Preview of image 'krystalshaper_apophyllite_004d.jpg'
krystalshaper_apophyllite_004d.jpg


 

From: Mr
Subject: Re: Fluorapophyllite-(K)
Date: 24 Oct 2021 10:00:00
Message: <web.617565f04f1e127b9108c0163f378f2@news.povray.org>
Thomas de Groot <tho### [at] degrootorg> wrote:
> Continuing Sam's investigations on crystal shapes and materials, and
> using KrystalShaper as the primary crystal builder.
>
> This is a crystal of apophyllite. The coloured variety is
> Fluorapophyllite-(K).
>
> I based the material on the one given by Sam in the "Alum" post in
> September last, including Alain's comments.
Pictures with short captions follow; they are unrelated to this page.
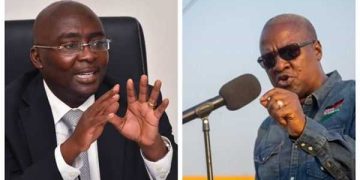 The Bold Fresh Ideas Of The Future Or The Failed Stale Ideas Of The Past- Dr. Bawumia Vs John Mahama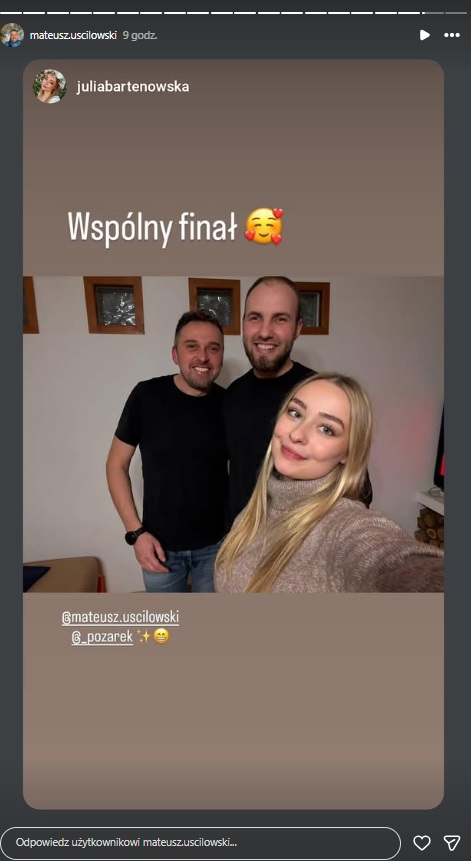 Mateusz z Rolnik szuka żony Instagram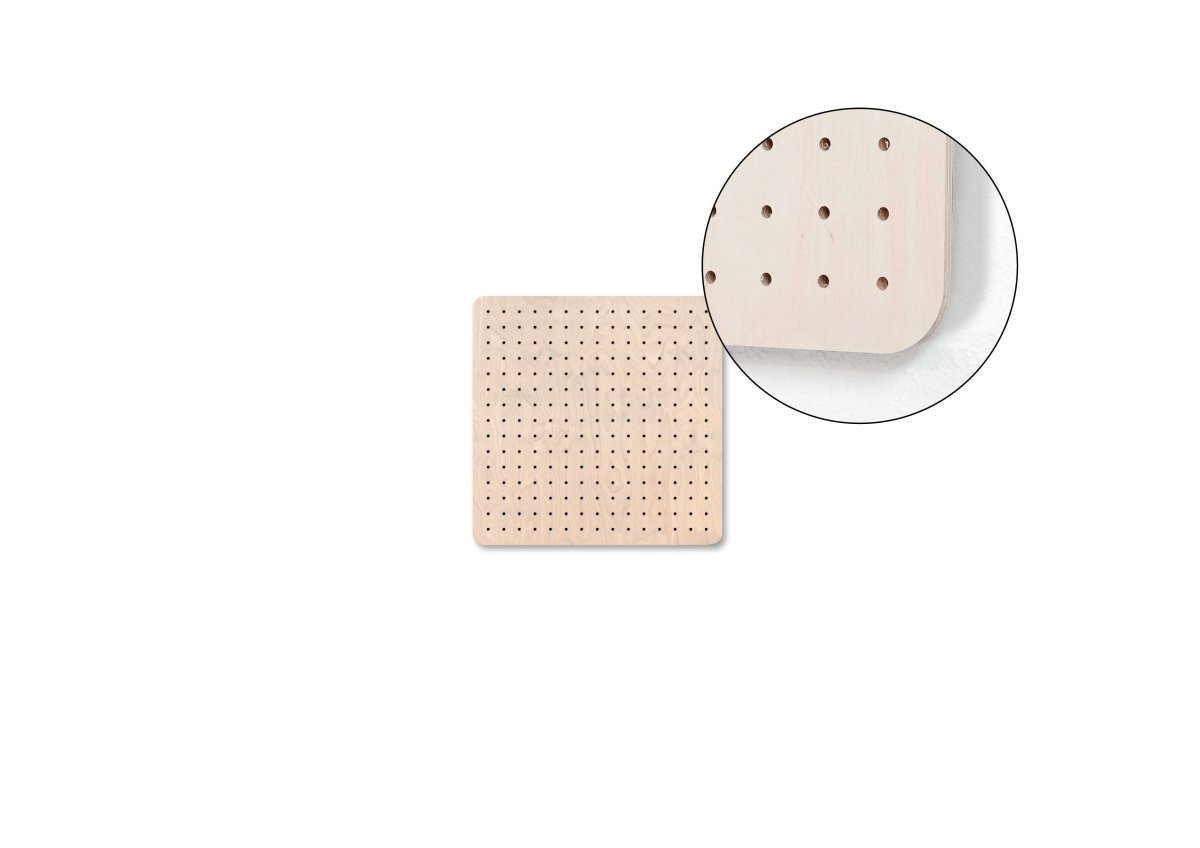 P15 – Le Pegboard robuste pour les utilisateurs intensifs et les professionnels - Aire - A225-7 - 7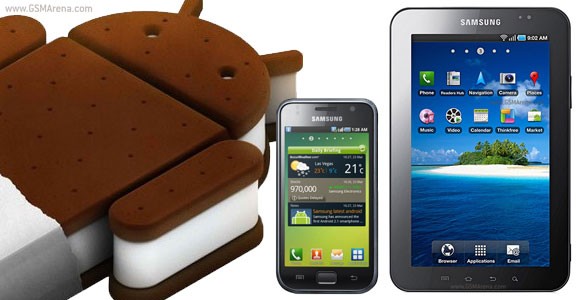 Android 4.0  Galaxy S  Galaxy Tab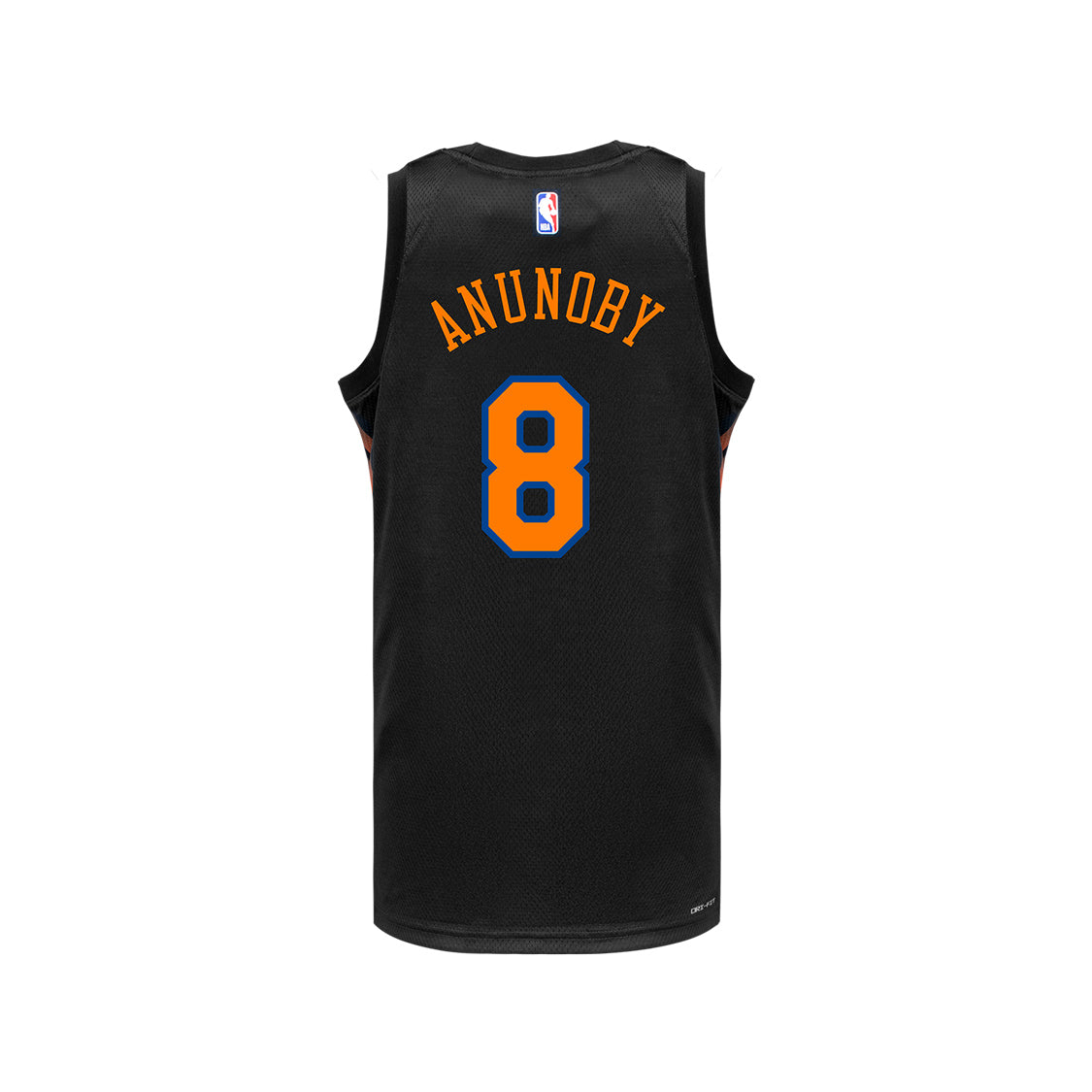 Youth OG Anunoby Black Statement Swingman Jersey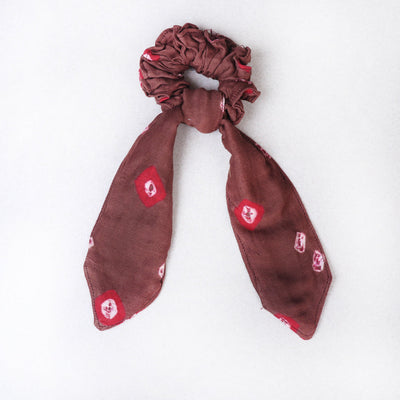  Handmade Cotton Elastic Hair Bands/Scarf Ponytail Holder/Scrunchie Ties 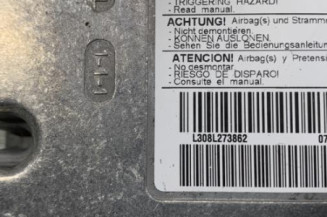 Boitier air bag RENAULT LAGUNA 3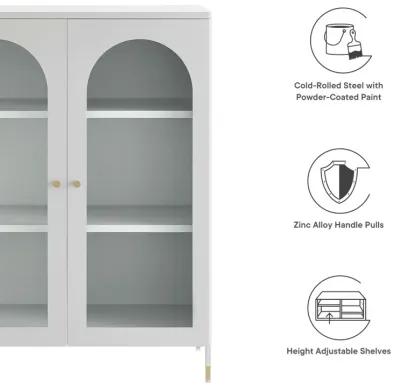 Archway Accent Cabinet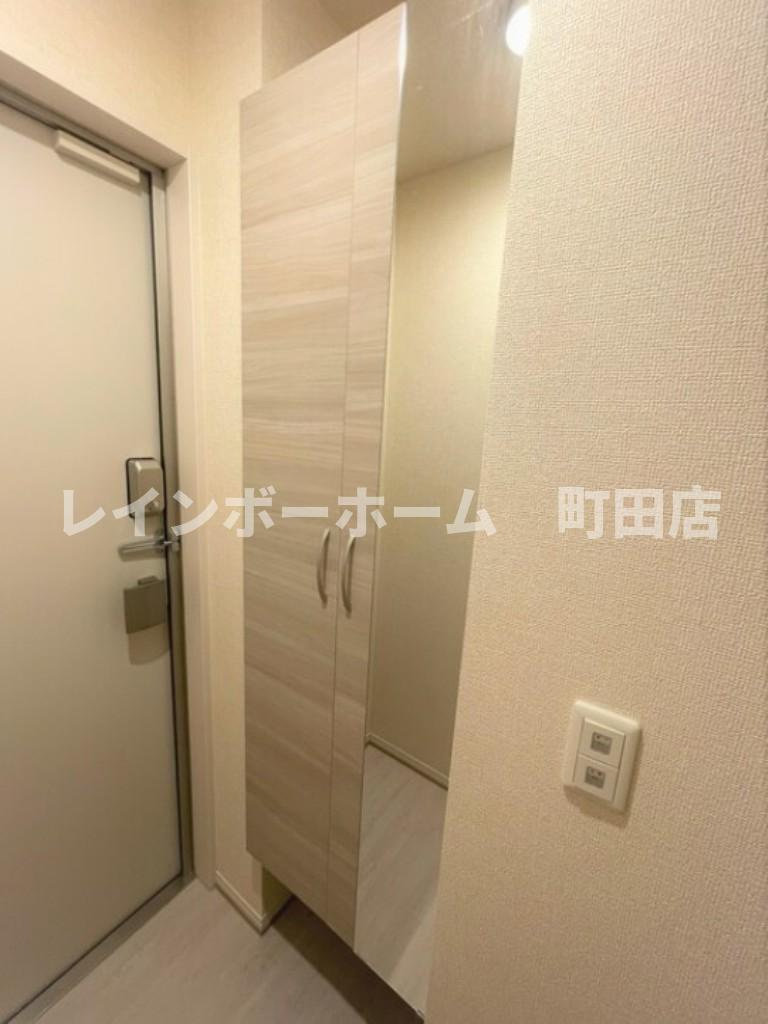 エスペリア新百合ヶ丘※初期費用分割あと払いサービス利用可能物件の玄関|※同施工会社参考写真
I then added surface normals
> from the crystal experiments by Jaime Vives Piqueres, as also a more
> 'cloudy' aspect using a bit of scattering media, and a density block.
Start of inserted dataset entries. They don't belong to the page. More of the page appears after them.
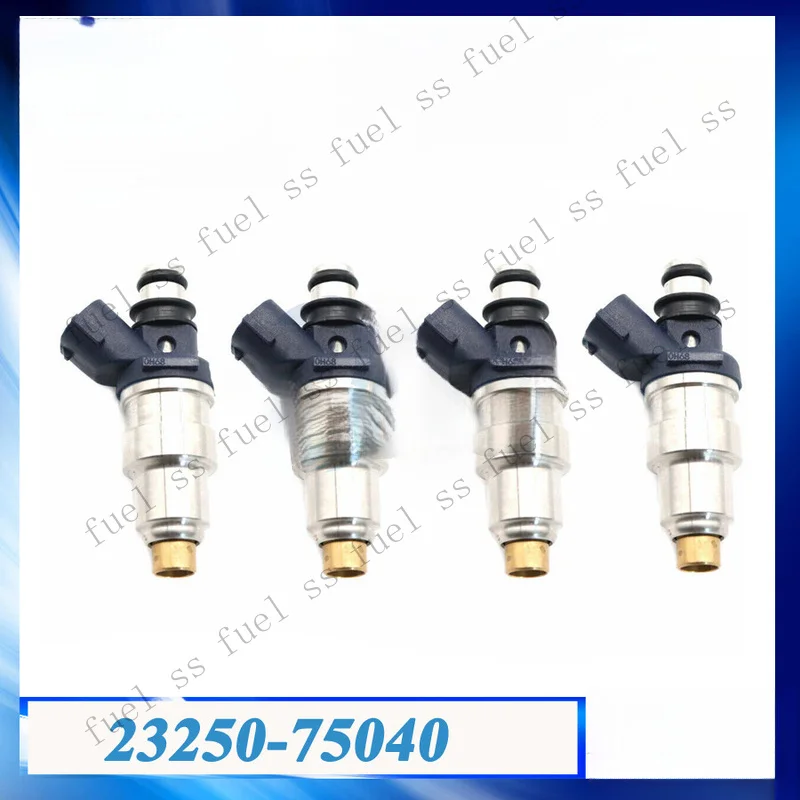 S+ 4PCS Fuel Injectors 23250-75040 for 95 96 97 98 99 00 Toyota Tacoma 2.4L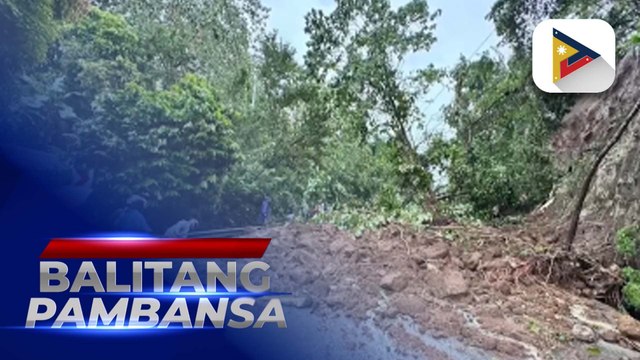 Ilang kalsada sa Albay, binabaha pa rin; Ilang mambabatas sa Bicol, kani-kanilang kilos para makatulong sa mga apektadong residente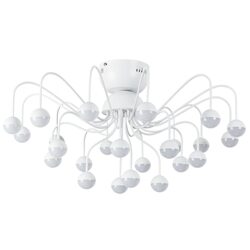 Потолочная люстра Arte lamp Dexter A3619PL-24WH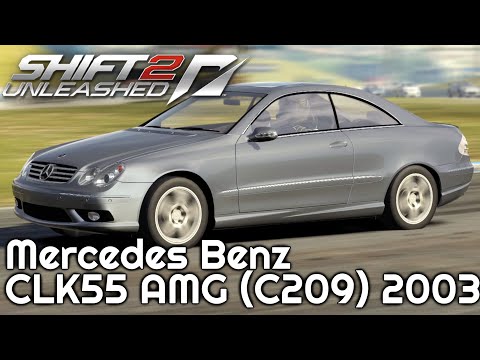 Mercedes Benz CLK55 AMG (C209) 2003 - Oschersleben B [NFS/Need for Speed: Shift 2 | Gameplay]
> Finally, I added photons. Possibly, the hue should be a tiny bit more
> bluish-green...
>
> The environment makes use of a hdri map and a spotlight. The render
> makes use of a, non-optimal, stochastic setting, which explains the
> grainy aspect. However, I am still experimenting.
>
> --
> Thomas

This looks so promissing! Thanks for sharing!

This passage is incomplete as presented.